Eventually, we shut that campaign down as schedules got in the way. We had picked up some players who weren’t GMing with us but remained as players 100% of the time, and trying to mesh 5 adult schedules across a couple different time zones became prohibitive. That having been said, the shared GMing was never the drawback or a reason to stop the game.
If you are inclined to try this shared GMing scheme, I would suggest the following elements to be mindful of:
- Have a robust Session Zero where you discuss power scale, major themes, and establish some groundrules. For example, our game was set in and around Seattle for its whole run. Individual adventures might take us away from home, but each adventure had to get us back to base and prevent another GM from having to write new material in, say, Denver. Come to think of it, we never actually said this rule out loud. Huh.
- Be flexible with control over your NPCs. Once you’ve set them loose into the setting, they will grow and change as other GMs add and remove little bits of their personality. Think of it like villains in a TV series: each writer handles the common elements a little differently, but they should still be reliably Dr. Doom or Scorpius.

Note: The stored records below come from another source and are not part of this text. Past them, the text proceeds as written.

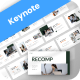 Recomp - Minimalist Business Keynote Template 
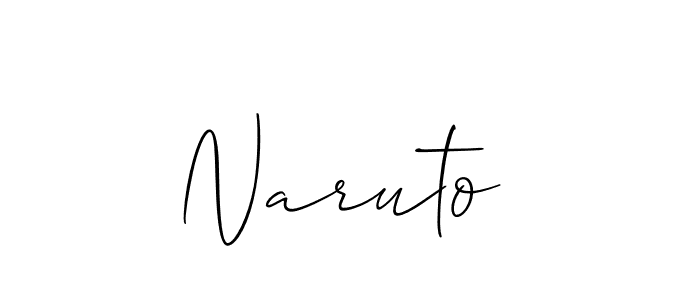 Similarly Allison_Script is the best handwritten signature design. Signature creator online .You can use it as an online autograph creator for name Naruto . Naruto  signature style 2 images and pictures png
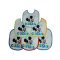 Disney Mickey bibs 19x23 cm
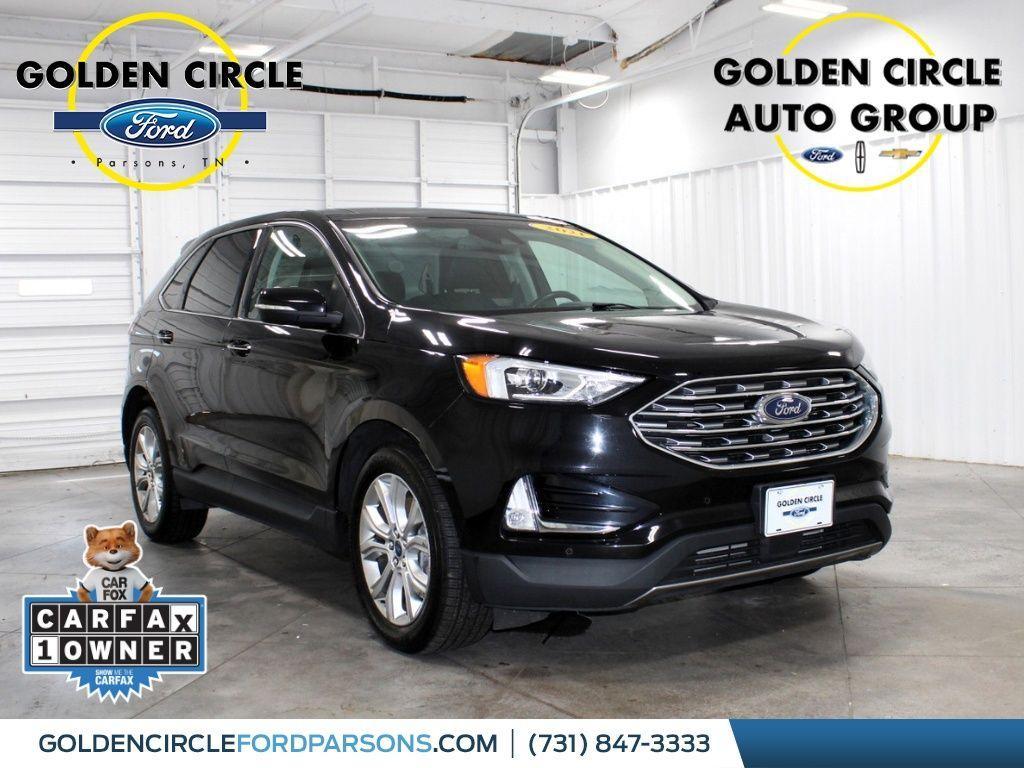 used 2021 Ford Edge car, priced at $20,398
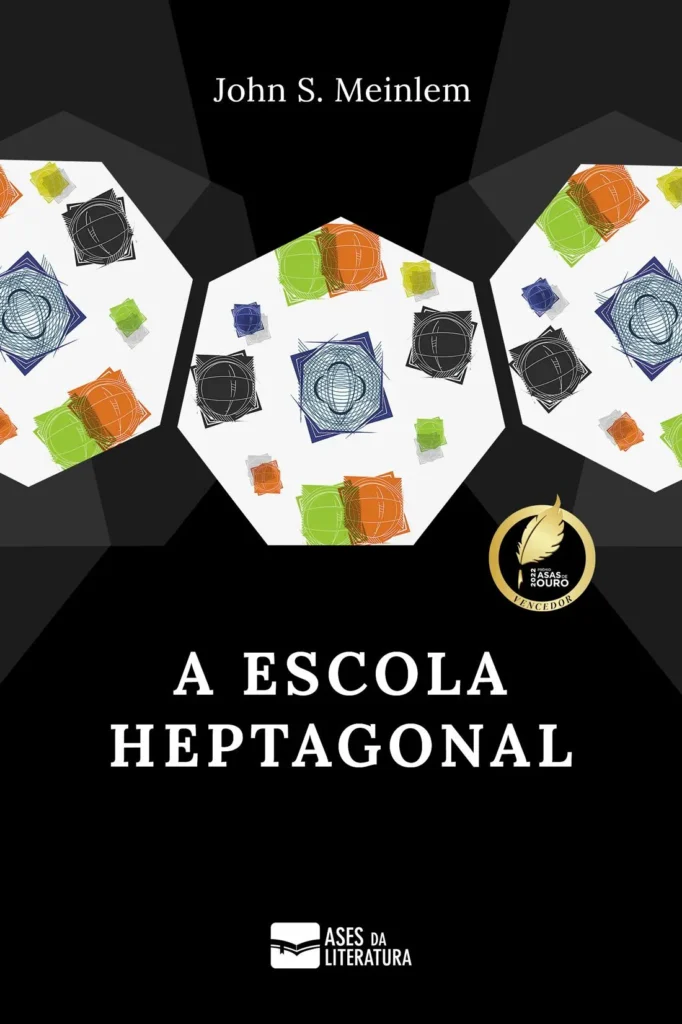 Capa do livro A escola heptagonal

- Be generous (and maybe a little meta) about the spotlight and your character’s involvement. As the GM, avoid the temptation to have your character feature prominently in your week(s)’s endeavors. Some of us had our characters basically go on autopilot and help from a distance, others would write our characters out for the session (and expect the other team members not to make a federal case out of their not being involved!). An early session had my character held as collateral to force the rest of the team’s involvement in a mob scheme. As I was the GM, we accepted this as a fixed plot point and didn’t labor a great deal about freeing me and getting me involved in the session.
- Honor the work of your fellow GMs. This is a weaponized form of “Yes, And…” of improv fame, where you don’t spend time “correcting” the other authors. If they shut down a potential threat in their sessions, don’t immediately start it back up to finish your thing with it. Don’t force a zig when everyone else has zagged. I’m not saying never surprise anyone, but build off what you already have rather than wresting control from your peers and driving it off a cliff. I introduced an incidental pop star in one session, we served as her bodyguard entourage later on, she may have been romantically involved with one of the PCs a season later, we thwarted an assassination attempt against her, and she turned out to be a member of an occult society we were working with, ultimately sacrificing herself to end a blood ritual against us. None of which would have happened if we didn’t let the other GMs play in our sandbox!
If you have some GM friends (or friends who might want to GM but are nervous about taking on an entire campaign) then co-GMing might be a solution for your group.